I am gathering mixed feelings with regards to mounting a motor with pure holes or slotted holes. With slotted holes, one can adjust the tension of the motor on the axle; but is this necessary for a safe build?


----------



## Woodsmith (Jun 5, 2008)

Are you looking at a belt/chain drive system?
I take it you are not mounting onto a transmission bell housing.

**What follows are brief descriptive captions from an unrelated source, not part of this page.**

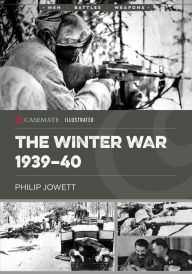 The Winter War 1939-40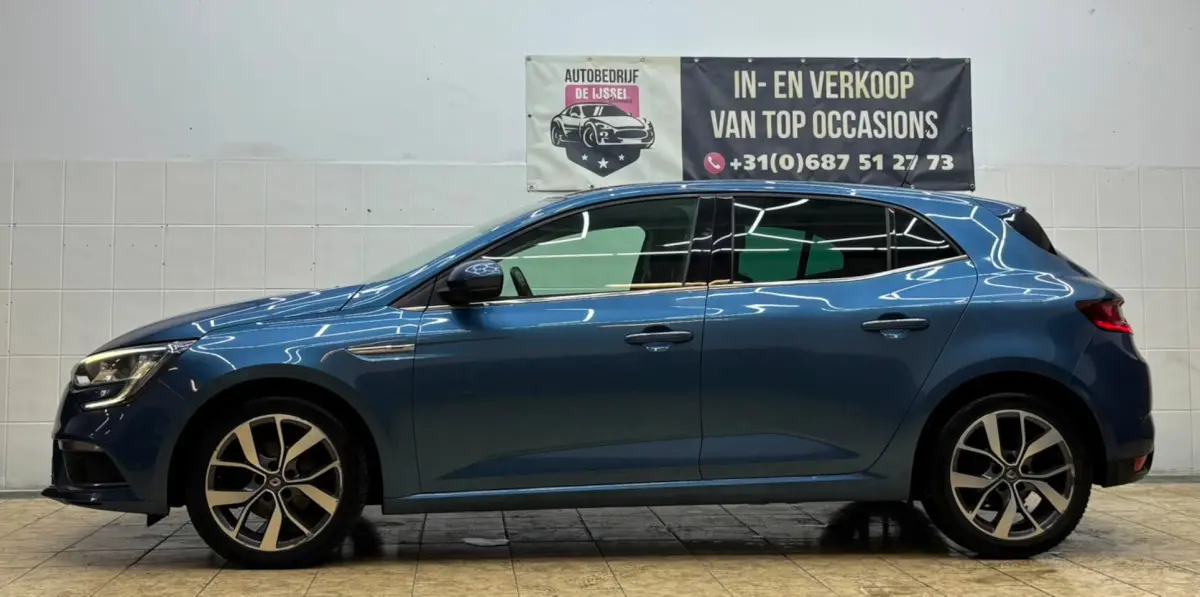 1.2 TCe Bose/ 2DE EIG /Dealer O.H/VOL Opties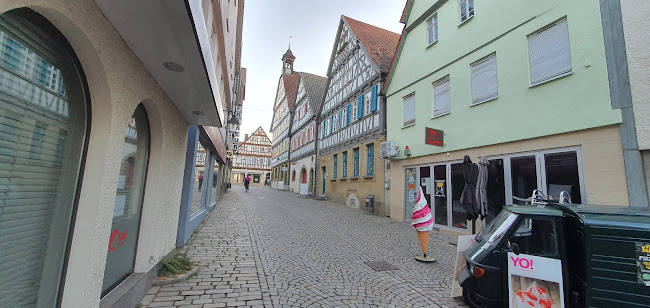 Kleiner Italiener Winnenden - Gastronomie und Hotellerie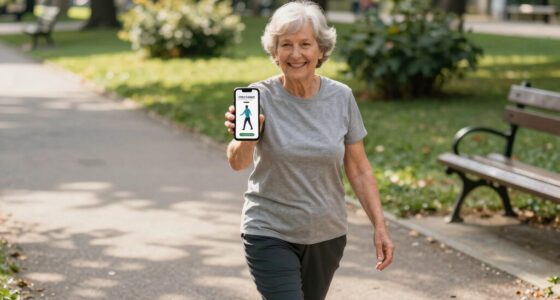 Nhs Walking Exercise Rewards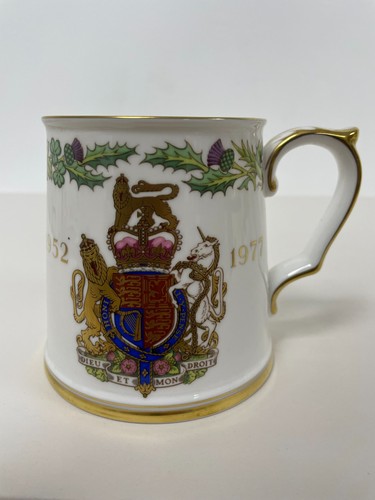 Spode commemorative bone china - spode,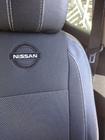 Nissan Qashqai 2014–2021 Autopotahy (eko kůže↗látka, Premium) fotografie 25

If it is movement for belt or chain tension then you could mount the motor on a hinge pin and then have a threaded adjuster to swing the motor over for tensioning.
The other way is to have a plate with holes to slide but then use a threaded adjuster to pull the motor tight and then tighten the mounting bolts. The treaded adjuster will prevent slip back.


----------



## UCF_students (Jan 25, 2011)

We will be using a chain and sprocket set up. So, you are saying that slotted holes are needed in this case?


----------



## Woodsmith (Jun 5, 2008)

You don't have to have slots to have adjustment, it is just the simple way to do it.
The motor can be on a hinge so it swings to apply tension, like a car alternator. To prevent it from slipping you can use a screw adjuster so that the tenson is applied by winding a screw, like a screw jack or turn buckle, to move the motor. Then the bolts can all be tightened to hold it steady while the screw jack keeps the tension.









Alternatively if you have a mounting foot that you would have slotted holes in then again you can make it slide with a threaded screw jack to hold the tension.


----------